__Work instruction__. Look below for the line that contains "増補改訂版 フィードバック入門 部下が成果を出すための最も効果が高い育成の技術", then quote it and all the lines after it, exactly, with the pictures left out.

__Collected material__.
· · · · · · ·
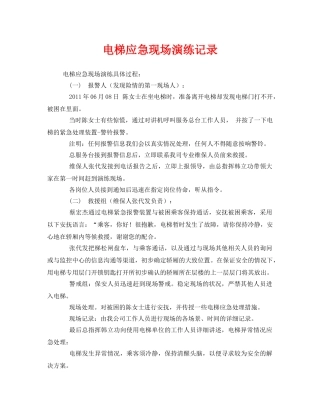 《安全管理应急预案》之电梯应急现场演练记录 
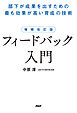 増補改訂版 フィードバック入門 部下が成果を出すための最も効果が高い育成の技術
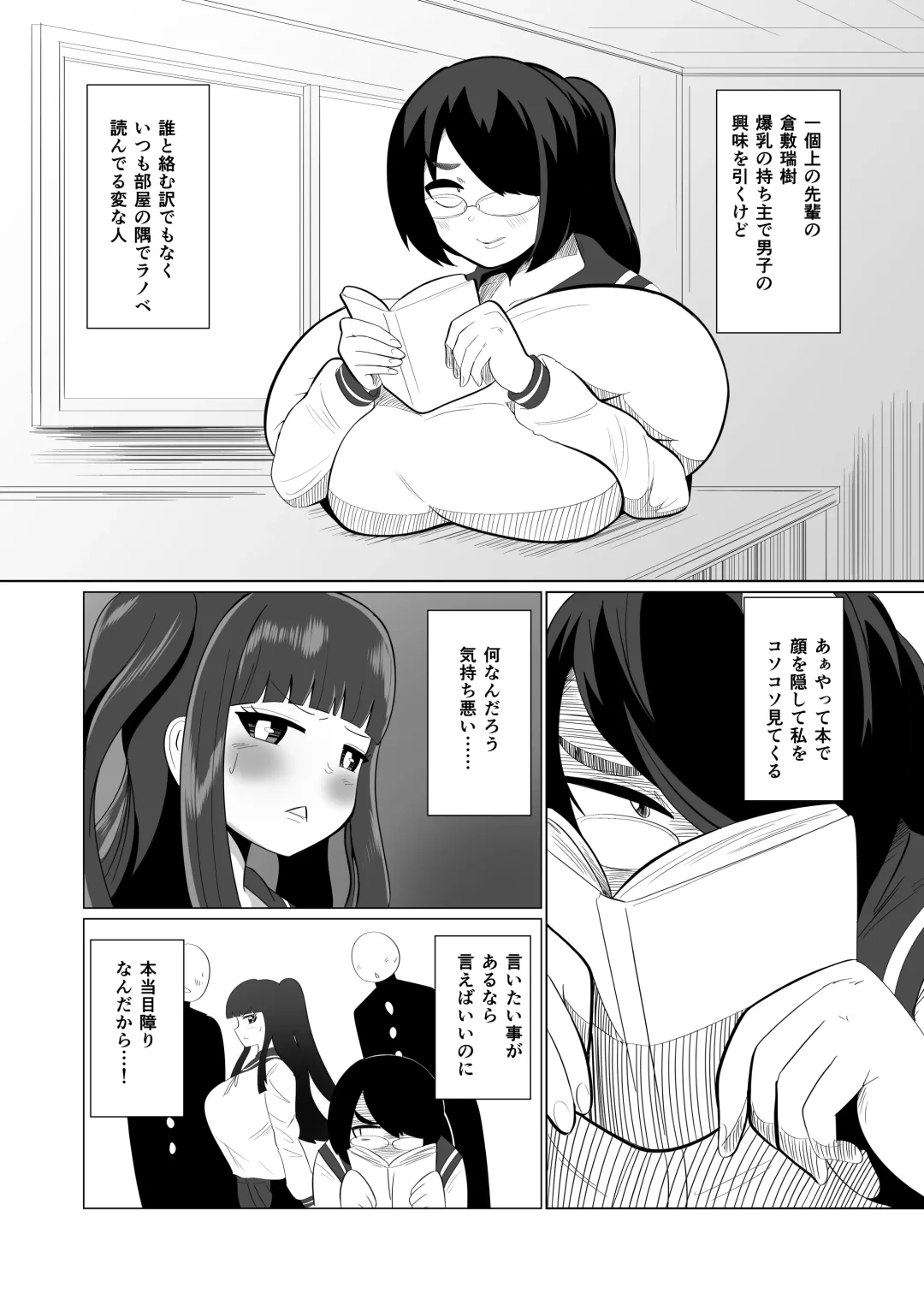 [Creople] Moeko-chan to Futanari Kurashiki-senpai Fhentai - Page 3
· · · · · · ·
__Exercise output__.
 増補改訂版 フィードバック入門 部下が成果を出すための最も効果が高い育成の技術
 [Creople] Moeko-chan to Futanari Kurashiki-senpai Fhentai - Page 3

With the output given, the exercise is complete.